Newby Questions

Greetings game buddies,

I have my copy of WAW, read through it twice, checked the FAQ and have a few small queries that perhaps the exalted members of this forum could easily answer for me :lol:

Each SECTION has a leader, the only purpose of this gentleman is that all other figures in the unit have to remain within 6 inches of him. If your section has a team of 7 and a team of 3 I presume all 9 other men have to remain within 6 inches of the one leader?

Each PLATOON may have a command team, as far as I can see the only purpose of these gentlemen is to bring in artillery support. They do not appear to do anything else??

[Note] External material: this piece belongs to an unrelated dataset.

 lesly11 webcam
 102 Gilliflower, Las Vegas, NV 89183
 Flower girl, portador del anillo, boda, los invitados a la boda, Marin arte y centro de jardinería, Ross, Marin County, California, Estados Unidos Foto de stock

Artillery, whether on board mortars or off board heavy/light artillery. As far as I can tell no line of sight or spotter is required at all??

Artillery with lethal zones. See if I got this right. You aim at a specific individual target soldier. Your opponent then rolls a D10 for deviation and you move the target point accordingly. Then you roll a D10 and move it back again. The aim point is probably not over a specific soldier now (doesn't matter) Light artillery has a 4" (radius i think, not diameter) lethal zone, each and every infantry figure and vehicle partly within this has a roll against it (1D6 for light artillery)

Did I get that right? Do we assume artillery hits on vehicles always hit the rear aspect?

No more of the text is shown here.